I saw Akira when I was 10. Besides being the best cartoon I had (and maybe have) seen, I was subconsciously drawn to the detailed graffiti that can be seen in many of the frames. Other formative media experiences informed a love of one thing and another: urban decay and tagging. In Final Fantasy VII when you climb up to the Shinra Building in Wall Market you can very clearly see many tags, and in the context of the scene they seem like a very defiant cry against poverty and oppression (something I could relate to,
growing up in a household of 5 on a single paycheck far below the poverty line). Even in the deceptively innocent 2001 animated film Metropolis uses graffiti in the lower levels of the city. More and more of what I indulged in carried some sort of inscribed messages on the walls, always reminding me of Egyptian heiroglyphs and runic language.
Unfortunately, Owen Sound never had much of a graffiti scene – just swastikas and bad words thrown up across the Coliseum bleachers – and I didn’t get any exposure (however limited) to real graffiti until I moved to Kitchener. Now, you have to understand that K-W’s graffiti scene is far from dense, and is mostly bored kids throwing up their name for entertainment, but there was still something magical in seeing that. My brief time in Toronto entranced me with the impromptu murals, and I decided that at some point in my life I’d like to collect photographs of transient art.
As of last August on the 10th Street Bridge in Pittsburgh was a large scrawl “POVERTY IS THE BIGGEST PRISON THE GOVERNMENT EVER BUILT”.
Disagree with whatever you will – it’s not about the politics – what got me was that somebody felt it enough that they had to put it up. They needed other people to see it, to feel it. I felt it and held it close. Elsewhere in Pittsburgh I saw public art commissioned by the city, or corporate sponsors, or whatever. Sometimes that’s kind of interesting to look at, but it’s entirely inoffensive and doesn’t really make you think, decipher, or feel. There’s no need behind it beside the malignant desire to gentrify, gentrify, gentrify.

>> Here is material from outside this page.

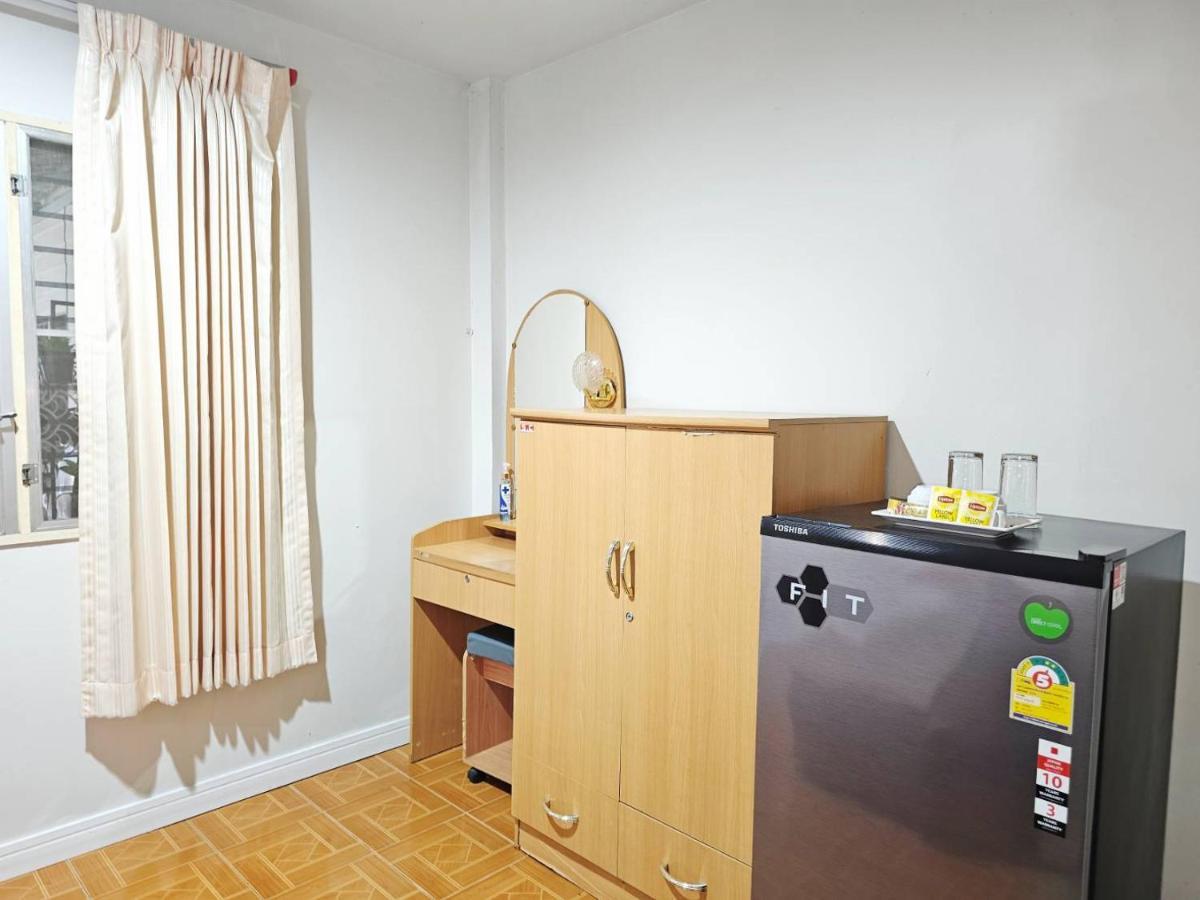 P.California Inter Hostel Nang Rong Экстерьер фото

Montreal represented to me a place where art really meets the streets in all of its forms. Busking, poetry, performance and especially graffiti. Everywhere in the city you can see tags, political statements, stencils, bombs, and more. In it was motion, and also the urban scene that I’d been looking for. Across the cityscape I found comfort in seeing the tags of SAKE and NIXON around every turn. I remember the sense of wonder I felt when I saw SAKE’s name boldly posted across the very top of silos across the canal. There was a real thril in going out to real run down, dirty abandon complexes and seeing the full-sized murals – it was like going to an art gallery except you had to jump fences to get in and you didn’t really know who was responsible for any of it.

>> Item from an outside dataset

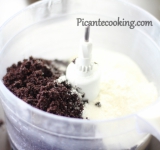 Снимаем мак с огня, остужаем и сливаем молоко. Взбиваем мак с сахаром в блендере до однородности.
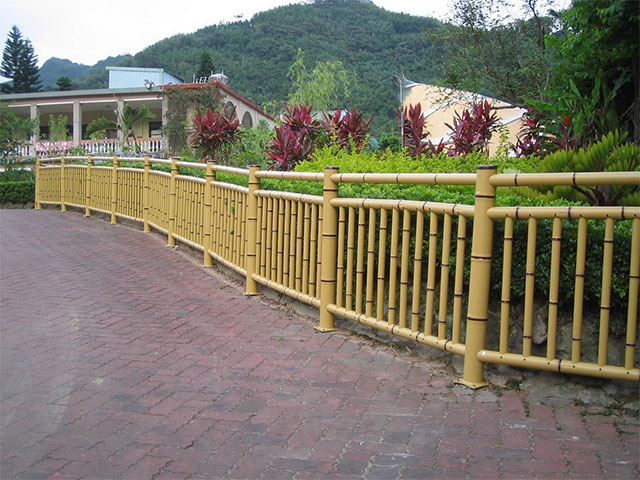 青岛专业生产景观仿竹围栏厂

I saw these eyes everywhere, these eyes and letter envelopes, and I thought to myself “These would trip me out if I were going crazy” – by that time I was going crazy. The effect the tags had on me was evidently profound, especially looking at the art that I’ve done then and since. These simple symbols spread across the urban landscape carry a sort of apocalyptic weight to them. I associate them with very powerful themes (similar to the eyes in the Great Gatsby and all they embodied), a carefully crafted image appearing across the cityscape serving as foreshadowing from those who see it. Recently around Kitchener I’ve begun to see this dead bee stencil sprayed around, and there’s something in it’s message and construction that’s been emblazoned in my brain.
There’s something cryptic and intimate about this type of graffiti. It’s not a tag really, but it’s like delving into someone’s thoughts and lifelong knowledge. The message flies off the fingertips of “the crazy.”

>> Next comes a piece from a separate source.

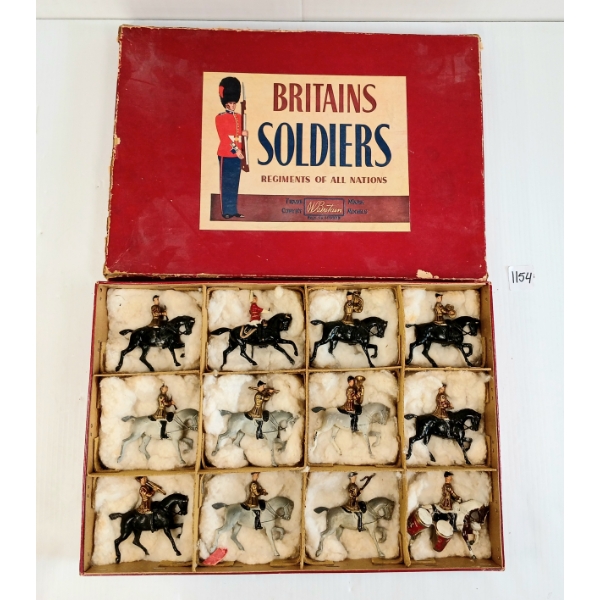 BRITAINS SOLDIERS LEAD FIGURES - NO. 101 THE BAND OF THE LIFE GUARDS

There’s so many paths and reasons that lead up to it, but you can never truly know why or how it happened.
That, I think is where I’m going with my own graffiti, at least on some level. With the bus shelter I went entirely postmodern, offering anybody who passed an intimate and perhaps even uncomfortable look into some of my own imagery. It’s deeper than something than some text waiting to be deciphered, but a code to another human being’s experience – trying to establish intimacy without any actual interaction between two people. Of course, that is providing the city crews aren’t threatened by my gesture and remove the work within 24 hours.
Entry Filed under: Kitchener, Montreal, music at knife point. Tags: Akira, Click Clack and Spray, dead bees, Final Fantasy VII, graffiti, Kitchener, Metropolis, Montreal, music at knife point, NIXON, PackFM, SAKE, Wall Market, wutduzFMstand4?.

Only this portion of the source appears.